__Records to process__.
##############################
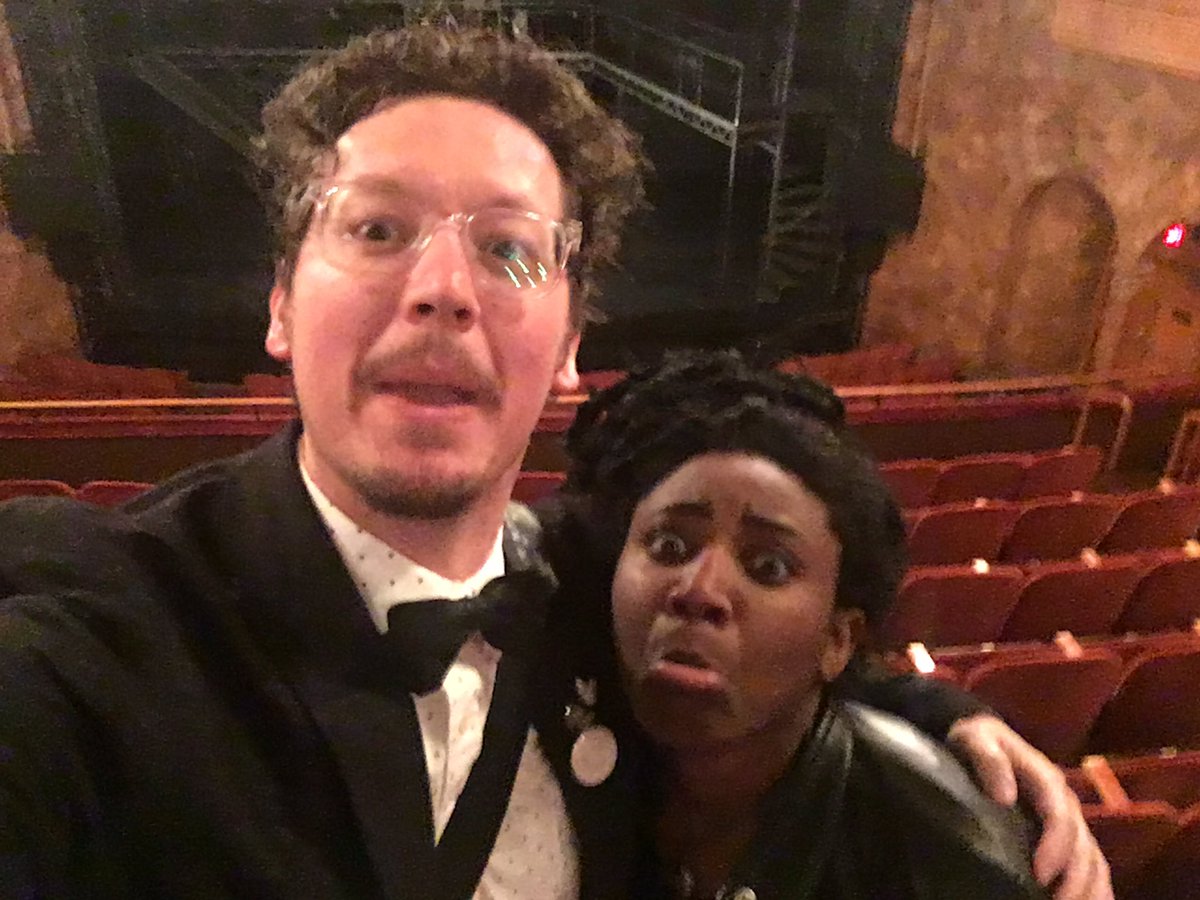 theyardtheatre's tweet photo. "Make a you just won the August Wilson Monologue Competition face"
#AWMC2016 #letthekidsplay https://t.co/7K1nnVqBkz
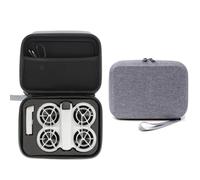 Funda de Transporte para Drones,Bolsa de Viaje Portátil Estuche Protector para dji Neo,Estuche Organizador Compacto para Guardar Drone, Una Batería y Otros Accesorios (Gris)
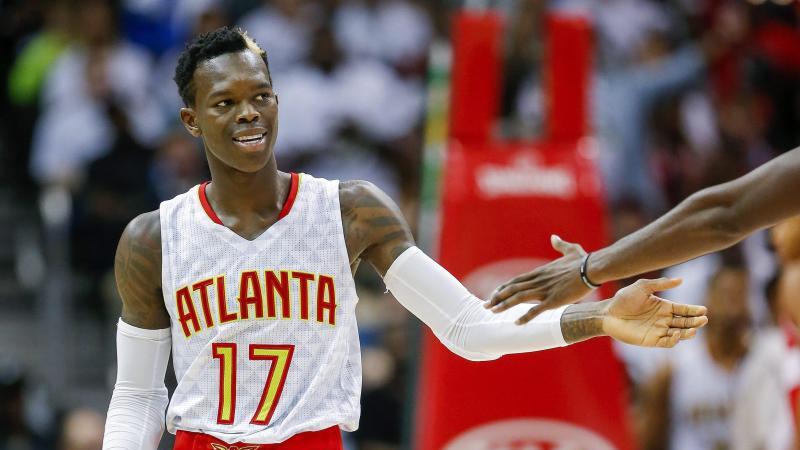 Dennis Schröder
##############################
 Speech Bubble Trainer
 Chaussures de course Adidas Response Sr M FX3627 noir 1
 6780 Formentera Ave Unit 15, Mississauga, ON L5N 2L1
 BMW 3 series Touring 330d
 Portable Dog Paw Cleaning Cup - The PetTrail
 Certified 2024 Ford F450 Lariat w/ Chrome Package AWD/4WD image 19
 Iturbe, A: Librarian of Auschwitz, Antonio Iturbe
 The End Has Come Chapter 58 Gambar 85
##############################
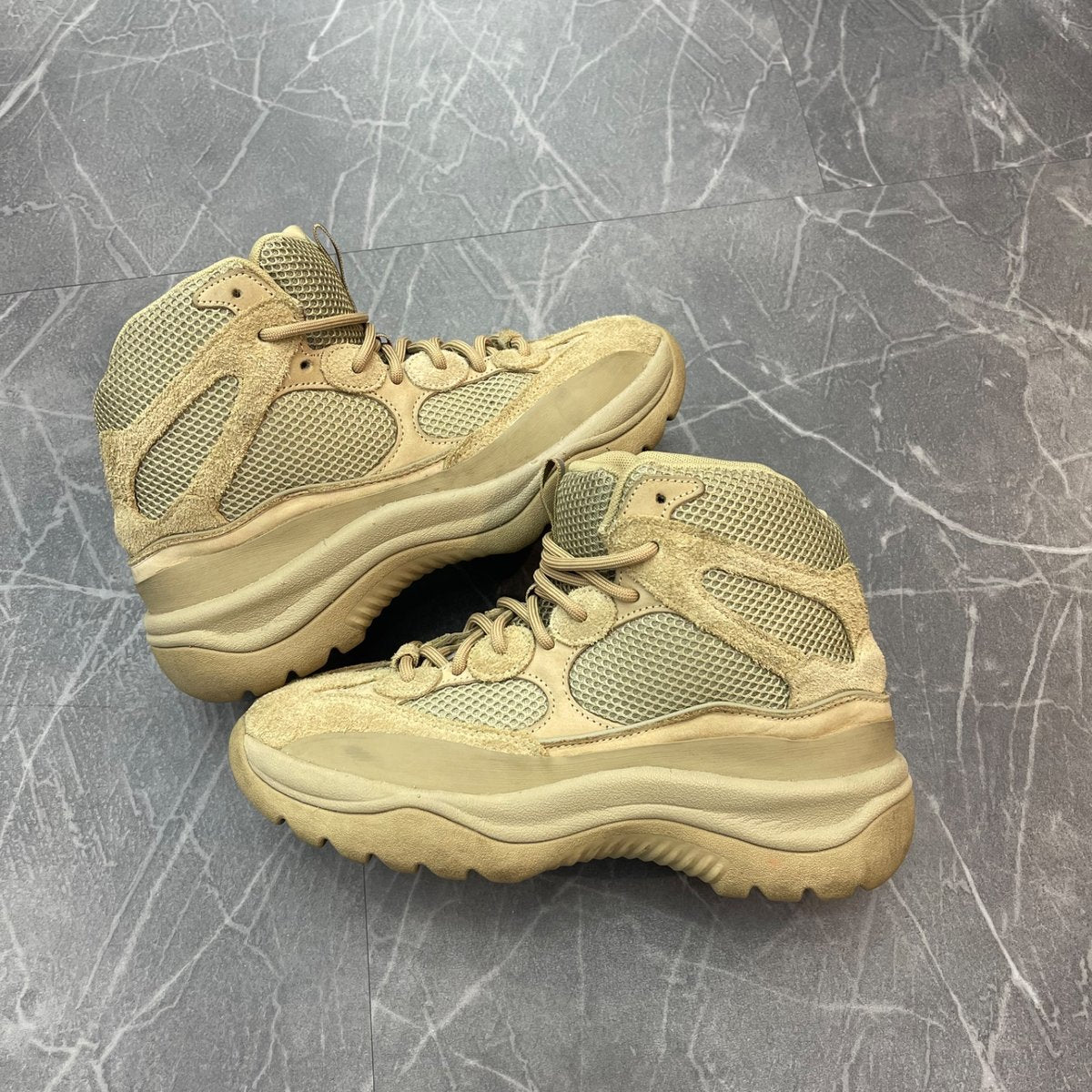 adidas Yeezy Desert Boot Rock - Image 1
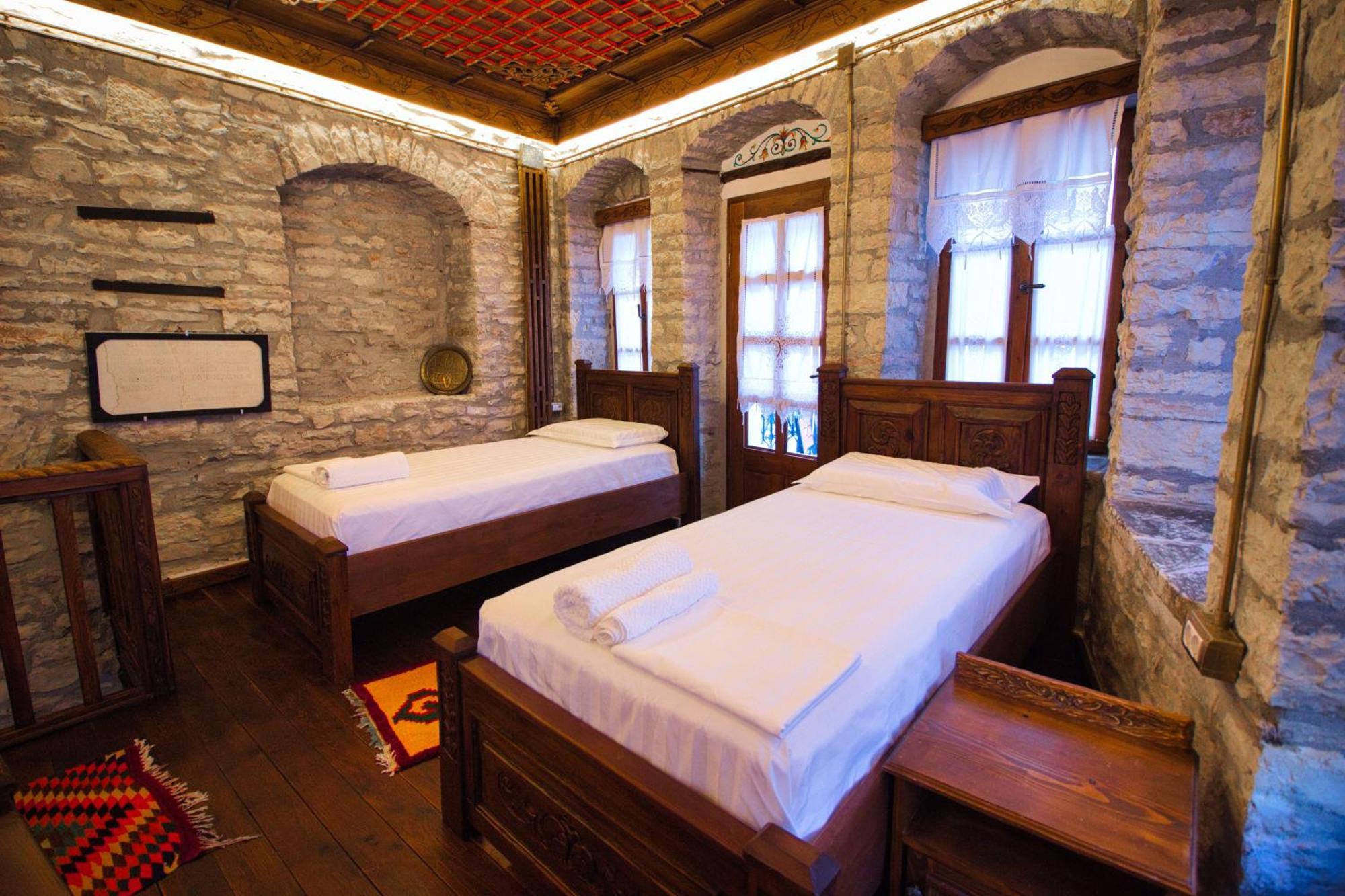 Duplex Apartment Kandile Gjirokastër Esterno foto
##############################
__Directions for this task__. Nothing but the lines from the one with "theyardtheatre's tweet photo." up to and including the one with "Dennis Schröder" should be printed, exactly as they read above. Please keep the pictures out.

__Result of the exercise__.
 theyardtheatre's tweet photo. "Make a you just won the August Wilson Monologue Competition face"
#AWMC2016 #letthekidsplay https://t.co/7K1nnVqBkz
 Funda de Transporte para Drones,Bolsa de Viaje Portátil Estuche Protector para dji Neo,Estuche Organizador Compacto para Guardar Drone, Una Batería y Otros Accesorios (Gris)
 Dennis Schröder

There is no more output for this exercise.